- [Stored data]
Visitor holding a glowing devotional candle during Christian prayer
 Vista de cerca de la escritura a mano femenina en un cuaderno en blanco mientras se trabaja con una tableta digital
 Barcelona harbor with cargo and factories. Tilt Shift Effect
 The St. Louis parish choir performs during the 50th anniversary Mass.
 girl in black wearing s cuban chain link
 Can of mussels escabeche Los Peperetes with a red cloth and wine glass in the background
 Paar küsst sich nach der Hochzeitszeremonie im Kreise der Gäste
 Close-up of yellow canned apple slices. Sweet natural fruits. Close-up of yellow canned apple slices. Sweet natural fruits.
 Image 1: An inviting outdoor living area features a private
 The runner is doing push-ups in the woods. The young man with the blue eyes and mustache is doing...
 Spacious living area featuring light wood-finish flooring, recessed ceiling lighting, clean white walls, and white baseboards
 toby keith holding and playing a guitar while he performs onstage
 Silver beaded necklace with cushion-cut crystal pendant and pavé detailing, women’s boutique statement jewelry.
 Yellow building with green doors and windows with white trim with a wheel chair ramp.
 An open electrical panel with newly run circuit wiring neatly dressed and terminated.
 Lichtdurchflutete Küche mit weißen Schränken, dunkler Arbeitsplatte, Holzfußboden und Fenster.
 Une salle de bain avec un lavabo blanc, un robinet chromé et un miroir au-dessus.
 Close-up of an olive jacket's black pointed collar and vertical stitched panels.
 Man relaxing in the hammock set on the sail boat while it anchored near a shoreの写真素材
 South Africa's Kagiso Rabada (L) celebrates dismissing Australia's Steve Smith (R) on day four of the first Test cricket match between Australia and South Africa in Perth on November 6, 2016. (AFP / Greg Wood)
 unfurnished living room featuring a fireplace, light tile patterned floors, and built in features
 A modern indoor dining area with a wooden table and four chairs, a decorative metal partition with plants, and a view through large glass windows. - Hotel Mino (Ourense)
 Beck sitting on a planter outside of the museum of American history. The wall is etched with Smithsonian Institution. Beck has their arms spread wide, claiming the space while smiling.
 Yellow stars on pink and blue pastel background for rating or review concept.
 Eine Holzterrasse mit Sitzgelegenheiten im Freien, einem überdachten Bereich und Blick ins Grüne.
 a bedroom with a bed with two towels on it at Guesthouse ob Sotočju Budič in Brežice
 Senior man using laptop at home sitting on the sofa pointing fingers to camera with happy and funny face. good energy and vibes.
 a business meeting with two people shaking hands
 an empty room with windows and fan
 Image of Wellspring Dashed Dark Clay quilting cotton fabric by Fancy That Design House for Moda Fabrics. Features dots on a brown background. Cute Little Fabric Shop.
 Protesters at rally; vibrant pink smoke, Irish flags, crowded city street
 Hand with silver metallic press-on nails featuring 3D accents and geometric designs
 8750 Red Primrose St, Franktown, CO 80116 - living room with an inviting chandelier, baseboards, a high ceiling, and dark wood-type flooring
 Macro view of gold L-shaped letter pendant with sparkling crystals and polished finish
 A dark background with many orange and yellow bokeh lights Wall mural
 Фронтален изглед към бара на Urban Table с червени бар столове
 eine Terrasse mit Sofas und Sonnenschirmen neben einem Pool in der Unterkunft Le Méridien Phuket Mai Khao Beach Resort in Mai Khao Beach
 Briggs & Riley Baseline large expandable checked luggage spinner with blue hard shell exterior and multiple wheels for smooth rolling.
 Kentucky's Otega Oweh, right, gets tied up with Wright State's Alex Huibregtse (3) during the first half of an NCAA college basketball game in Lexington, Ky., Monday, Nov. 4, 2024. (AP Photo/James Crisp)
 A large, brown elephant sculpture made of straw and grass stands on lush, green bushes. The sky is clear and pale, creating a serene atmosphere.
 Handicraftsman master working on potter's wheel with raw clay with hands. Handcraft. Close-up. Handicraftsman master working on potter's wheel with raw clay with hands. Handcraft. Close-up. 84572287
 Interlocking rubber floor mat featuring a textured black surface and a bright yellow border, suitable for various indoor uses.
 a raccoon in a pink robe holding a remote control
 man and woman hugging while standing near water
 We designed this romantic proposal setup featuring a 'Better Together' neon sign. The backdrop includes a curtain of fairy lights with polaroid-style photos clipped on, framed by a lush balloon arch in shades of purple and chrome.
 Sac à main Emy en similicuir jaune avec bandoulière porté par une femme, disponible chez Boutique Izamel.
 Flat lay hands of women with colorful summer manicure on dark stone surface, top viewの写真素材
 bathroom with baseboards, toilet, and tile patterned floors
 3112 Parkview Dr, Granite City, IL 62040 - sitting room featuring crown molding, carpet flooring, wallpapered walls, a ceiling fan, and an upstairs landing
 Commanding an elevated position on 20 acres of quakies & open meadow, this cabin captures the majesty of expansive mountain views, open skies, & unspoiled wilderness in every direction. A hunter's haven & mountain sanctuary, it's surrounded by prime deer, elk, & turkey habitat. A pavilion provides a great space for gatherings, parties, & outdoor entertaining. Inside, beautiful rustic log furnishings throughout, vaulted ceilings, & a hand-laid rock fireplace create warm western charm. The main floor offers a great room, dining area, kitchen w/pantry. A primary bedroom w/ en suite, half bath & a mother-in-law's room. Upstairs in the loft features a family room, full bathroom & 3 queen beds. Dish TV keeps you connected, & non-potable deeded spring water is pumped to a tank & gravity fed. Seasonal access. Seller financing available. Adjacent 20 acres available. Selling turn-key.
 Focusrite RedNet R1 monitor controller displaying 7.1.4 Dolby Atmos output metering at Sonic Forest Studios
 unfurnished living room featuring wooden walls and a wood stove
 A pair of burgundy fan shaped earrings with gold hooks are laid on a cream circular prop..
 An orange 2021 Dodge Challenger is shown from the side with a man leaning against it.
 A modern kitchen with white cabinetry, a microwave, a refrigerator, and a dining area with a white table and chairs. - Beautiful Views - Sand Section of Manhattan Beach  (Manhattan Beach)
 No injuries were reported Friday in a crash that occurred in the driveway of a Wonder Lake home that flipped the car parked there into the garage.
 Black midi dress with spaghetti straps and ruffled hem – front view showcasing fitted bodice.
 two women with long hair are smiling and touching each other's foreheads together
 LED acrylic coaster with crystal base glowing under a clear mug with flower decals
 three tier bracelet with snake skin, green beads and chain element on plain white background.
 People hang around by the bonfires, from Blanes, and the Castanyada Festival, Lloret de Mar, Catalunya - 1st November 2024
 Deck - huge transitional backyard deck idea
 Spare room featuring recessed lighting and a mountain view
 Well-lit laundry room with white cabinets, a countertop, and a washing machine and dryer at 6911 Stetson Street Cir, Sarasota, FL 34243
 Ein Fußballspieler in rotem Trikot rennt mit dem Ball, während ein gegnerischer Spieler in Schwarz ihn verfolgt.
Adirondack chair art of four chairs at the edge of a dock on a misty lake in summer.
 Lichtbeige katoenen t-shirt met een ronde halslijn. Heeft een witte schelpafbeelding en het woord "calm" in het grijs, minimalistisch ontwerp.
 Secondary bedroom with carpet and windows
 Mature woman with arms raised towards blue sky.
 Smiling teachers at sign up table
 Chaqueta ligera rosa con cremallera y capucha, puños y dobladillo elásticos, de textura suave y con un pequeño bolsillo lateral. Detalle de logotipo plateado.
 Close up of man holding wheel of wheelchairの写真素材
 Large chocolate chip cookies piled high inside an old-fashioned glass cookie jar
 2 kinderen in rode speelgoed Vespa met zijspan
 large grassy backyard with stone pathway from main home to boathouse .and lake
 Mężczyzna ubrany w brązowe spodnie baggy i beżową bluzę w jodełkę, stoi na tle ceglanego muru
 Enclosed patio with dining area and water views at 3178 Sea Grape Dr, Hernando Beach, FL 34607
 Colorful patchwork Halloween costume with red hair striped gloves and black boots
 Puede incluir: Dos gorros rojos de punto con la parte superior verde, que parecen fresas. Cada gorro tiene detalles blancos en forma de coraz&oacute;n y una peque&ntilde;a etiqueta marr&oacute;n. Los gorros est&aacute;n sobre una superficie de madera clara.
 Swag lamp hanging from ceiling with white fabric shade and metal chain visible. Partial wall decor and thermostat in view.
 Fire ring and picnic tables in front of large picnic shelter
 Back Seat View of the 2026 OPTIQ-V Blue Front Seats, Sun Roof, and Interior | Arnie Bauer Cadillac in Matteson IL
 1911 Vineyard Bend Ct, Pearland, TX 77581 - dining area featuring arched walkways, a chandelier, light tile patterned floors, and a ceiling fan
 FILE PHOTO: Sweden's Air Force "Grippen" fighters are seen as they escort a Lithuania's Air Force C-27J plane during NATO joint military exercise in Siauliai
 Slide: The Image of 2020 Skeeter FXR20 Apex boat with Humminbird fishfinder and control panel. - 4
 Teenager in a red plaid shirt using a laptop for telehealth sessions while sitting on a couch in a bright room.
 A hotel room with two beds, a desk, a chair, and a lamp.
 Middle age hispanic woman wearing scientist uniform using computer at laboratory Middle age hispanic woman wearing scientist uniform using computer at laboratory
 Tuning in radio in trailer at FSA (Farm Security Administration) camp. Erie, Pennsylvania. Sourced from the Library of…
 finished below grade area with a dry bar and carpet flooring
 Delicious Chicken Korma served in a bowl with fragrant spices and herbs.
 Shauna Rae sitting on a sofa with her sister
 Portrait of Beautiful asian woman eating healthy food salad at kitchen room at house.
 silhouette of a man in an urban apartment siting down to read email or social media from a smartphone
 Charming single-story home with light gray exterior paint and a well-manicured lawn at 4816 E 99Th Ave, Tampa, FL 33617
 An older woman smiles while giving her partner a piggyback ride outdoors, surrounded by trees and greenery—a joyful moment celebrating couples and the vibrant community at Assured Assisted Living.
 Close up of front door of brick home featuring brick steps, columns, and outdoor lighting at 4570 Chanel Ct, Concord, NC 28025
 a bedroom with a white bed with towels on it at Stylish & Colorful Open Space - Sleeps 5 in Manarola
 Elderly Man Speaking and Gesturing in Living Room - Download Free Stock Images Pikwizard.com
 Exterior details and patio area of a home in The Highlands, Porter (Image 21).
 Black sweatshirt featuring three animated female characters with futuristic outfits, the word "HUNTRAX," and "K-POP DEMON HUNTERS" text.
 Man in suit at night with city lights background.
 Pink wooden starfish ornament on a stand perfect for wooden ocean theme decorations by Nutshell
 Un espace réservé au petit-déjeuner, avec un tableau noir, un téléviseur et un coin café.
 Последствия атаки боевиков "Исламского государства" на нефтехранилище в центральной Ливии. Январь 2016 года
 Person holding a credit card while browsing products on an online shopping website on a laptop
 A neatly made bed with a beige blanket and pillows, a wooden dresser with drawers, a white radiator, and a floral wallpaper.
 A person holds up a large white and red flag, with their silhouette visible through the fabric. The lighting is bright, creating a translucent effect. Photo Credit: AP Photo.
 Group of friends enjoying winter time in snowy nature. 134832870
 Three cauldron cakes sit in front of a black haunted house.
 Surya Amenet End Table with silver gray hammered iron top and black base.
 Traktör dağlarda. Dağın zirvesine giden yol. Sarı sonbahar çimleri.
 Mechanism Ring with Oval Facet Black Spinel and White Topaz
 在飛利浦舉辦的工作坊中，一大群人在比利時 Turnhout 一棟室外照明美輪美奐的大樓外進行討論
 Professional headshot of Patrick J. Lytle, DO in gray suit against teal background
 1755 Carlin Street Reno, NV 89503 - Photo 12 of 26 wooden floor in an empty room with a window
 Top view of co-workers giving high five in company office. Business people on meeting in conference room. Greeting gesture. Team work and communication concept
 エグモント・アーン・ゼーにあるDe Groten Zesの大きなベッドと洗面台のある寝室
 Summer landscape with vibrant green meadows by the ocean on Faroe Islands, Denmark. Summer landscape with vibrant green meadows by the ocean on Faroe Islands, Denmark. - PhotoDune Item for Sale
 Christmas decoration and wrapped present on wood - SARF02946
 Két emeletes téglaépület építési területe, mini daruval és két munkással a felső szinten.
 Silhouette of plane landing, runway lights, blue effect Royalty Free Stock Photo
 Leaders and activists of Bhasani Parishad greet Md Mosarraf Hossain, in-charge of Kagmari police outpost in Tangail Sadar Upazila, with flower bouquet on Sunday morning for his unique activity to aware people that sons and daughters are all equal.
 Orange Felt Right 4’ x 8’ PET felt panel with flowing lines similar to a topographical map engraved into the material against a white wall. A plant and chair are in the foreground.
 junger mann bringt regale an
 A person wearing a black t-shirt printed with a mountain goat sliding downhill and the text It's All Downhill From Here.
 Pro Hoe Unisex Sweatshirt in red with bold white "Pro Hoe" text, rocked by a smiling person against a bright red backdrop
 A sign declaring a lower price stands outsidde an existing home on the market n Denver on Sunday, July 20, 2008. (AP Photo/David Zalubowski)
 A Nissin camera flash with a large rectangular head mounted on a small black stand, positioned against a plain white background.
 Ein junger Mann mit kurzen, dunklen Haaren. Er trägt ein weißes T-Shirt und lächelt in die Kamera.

- [TASK INSTRUCTIONS]
Restate word for word the lines above, beginning at the first one and ending at the line that carries "Paar küsst sich".

- [EXPECTED OUTPUT]
Visitor holding a glowing devotional candle during Christian prayer
 Vista de cerca de la escritura a mano femenina en un cuaderno en blanco mientras se trabaja con una tableta digital
 Barcelona harbor with cargo and factories. Tilt Shift Effect
 The St. Louis parish choir performs during the 50th anniversary Mass.
 girl in black wearing s cuban chain link
 Can of mussels escabeche Los Peperetes with a red cloth and wine glass in the background
 Paar küsst sich nach der Hochzeitszeremonie im Kreise der Gäste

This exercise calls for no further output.